But no matter! Bob (or any really any other user, but let’s assume Bob) has one week to take action; he’ll check Alice’s UTXO against his copy of the Plasma chain and notice that it’s a double spend. To prove maleficence, he submits a “fraud proof” in the form of the old transaction in which Alice previously spent the UTXO in question, along with a Merkle proof of its inclusion in a Plasma block. Bob has given cryptographic proof that Alice already spent this money; she’s been caught in the act, and her attempt to withdraw this money is cancelled.
A Note on “Punishments”
At this point, we may want some way to further punish Alice for her attempted crime, creating a credible threat of greater loss for her and ideally disincentivizing this sort of behavior from taking place to begin with. These punishment mechanisms are typical in channel constructions; in Poon-Dryja payment channels, for example (the payment channel construction currently used in Bitcoin’s Lightning Network), being caught trying to cash out outdated transactions results in your counterparty collecting all of your channel’s funds. While this sort of punishment isn’t strictly necessary in either Plasma or channels, it’s arguably a stronger requirement in Plasma; without some notion of punishments, Alice could simply repeatedly attempt improper withdrawals, forcing Bob (or someone else) to spend gas fees with every response. Ironically, however, it’s also less self-evident how such punishments could be administered in Plasma; to slash some of Alice’s funds in the Plasma chain, we’d need to establish which funds are hers, which itself would require its own claim/dispute window mechanism, sending us down a recursive, challenges-all-the-way-down rabbit hole.
Thus, Plasma constructions typically require Alice to post an “exit bond” as she attempts her withdrawal. In essence, she says, “I would like to take out 5 Ether, and here’s 1 Ether which you can take from me if my exit proves to be fraudulent.” We’re free to set up the contractual terms — i.e., the required size of the bond, as well as the response case of a violation (give the bond to the successful challenger as bounty, slash it into oblivion, cover only the challenger’s gas costs etc.) — and make them as lenient/Draconian as we please.
The Miserable Case: Evil Operator
So far things have been gone relatively smoothly, largely because we’ve made the hugely simplifying assumption that the Operator has all of our best interests at heart. Now it’s time to think the unthinkable: what if the Operator is an out-and-out liar and a thief?
Say, for example, Alice and Bob are going about their business, when they one day find that the Operator has sent them a block — with its Merkle root notarized on-chain — that includes a blatantly invalid transaction, one that spends, say 90% of all of the Ether available in the Plasma chain; recall that the Operator is entirely in charge of producing blocks, and thus can, in theory, include in them whatever he wants. Worse yet, say that next, the Operator requests an on-chain withdrawal using this invalid transaction.

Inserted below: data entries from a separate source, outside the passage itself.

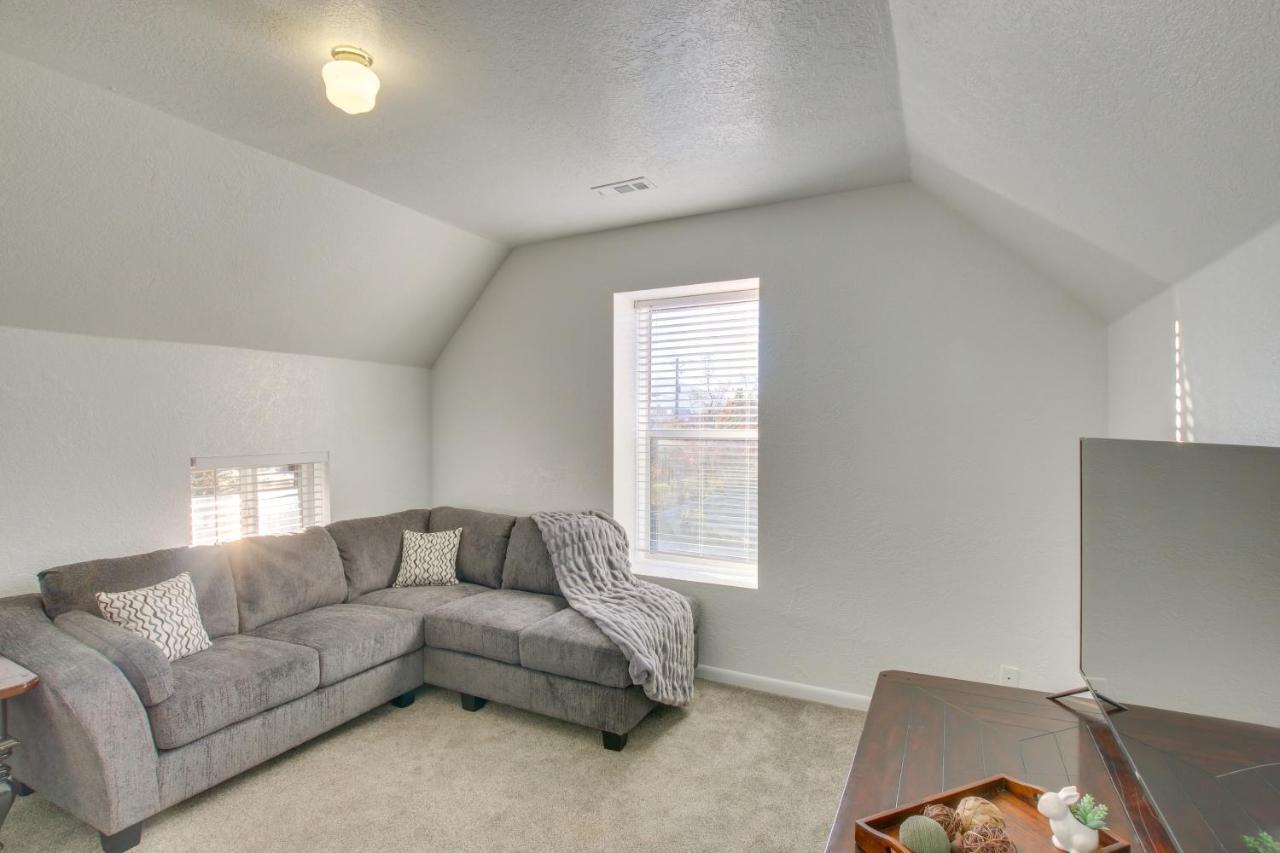 Convenient Logan Apartment - 1 Block To Town! Екстериор снимка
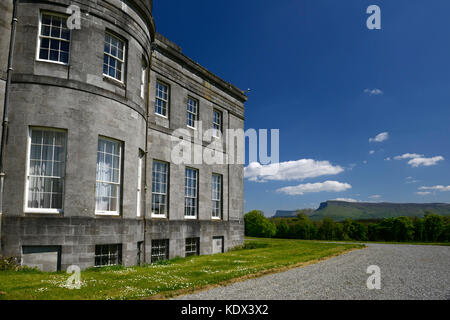 Benbulbin, Benbulben, Ben Bulben, vista da Lissadell house, neo-classica greca in stile revivalista, country house, Wild Atlantic modo, Sligo, Yeat's cou Foto Stock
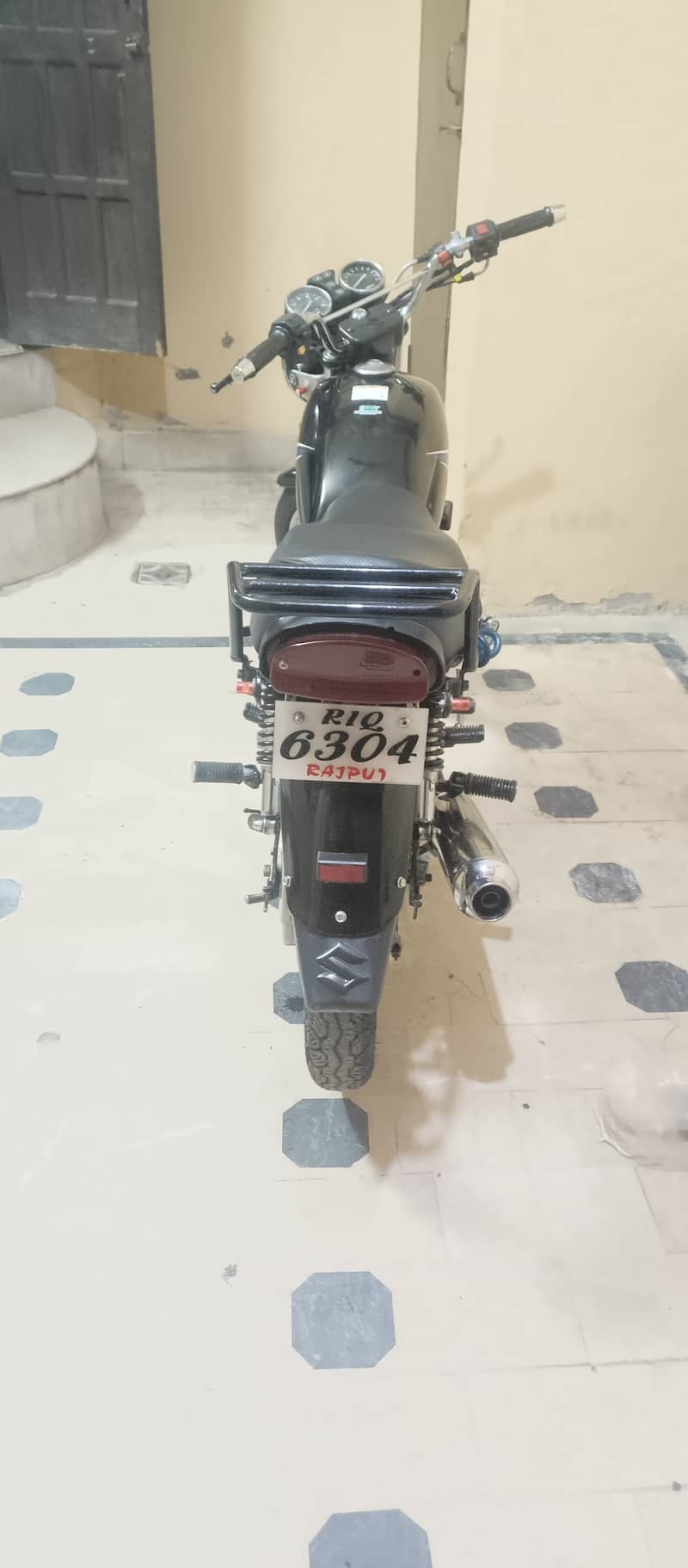 Suzuki GS 150 2018 3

Unlike Alice’s attempted fraud in the Unhappy Case, which was an attempt at double spending, this transaction spends from a “UTXO” that shouldn’t even exist. Therefore, the method we used previously for challenging and cancelling this withdrawal isn’t available to us.
It’s tempting to think that we can construct a different sort of fraud proof to handle this different flavor of misbehavior, i.e., “What if we demand that the Operator prove the existence of the input UTXO? And, err… if that came from ‘out of nowhere’ too, we demand proof of that one? And then, umm…”
But let me stop you right there. Fraud proof in this case would indeed be complex — and perhaps even impossible — but even exploring this route is pointless and futile, as it ultimately bumps up against a larger issue. Since we’re assuming an evil operator, we might as well go all out — not only does the operator create an invalid transaction and attempt an exit with it, but while doing so, he never even shares the invalid Plasma block with his users. Alice, Bob, and the rest now see a giant, suspicious exit being attempted, but are completely in the dark as to any of the details.
Before we explain the solution, it’s worth pausing to reflect on this point: since our goal is to avoid inheriting any counterparty risk, we cannot assume that the Operator (or anyone else) will be at all reliable in providing any data. And as it turns out, any attempt to somehow force data availability (or, likewise, to prove data unavailability), without simply introducing some new trust assumption, is itself hopeless. This has been dubbed the “speaker/listener fault equivalence” dilemma; in short, if we expect Carol to send Derrick some data, and we find ourselves in a situation in which Derrick is claiming “I never received the data!” and Carol is claiming, “Yes he did, he’s just hiding it now!!”, there’s no objective way for us to determine which of them is lying. Thus, our Plasma threat-model has to include the possibility of the Operator suddenly, without warning, going completely silent.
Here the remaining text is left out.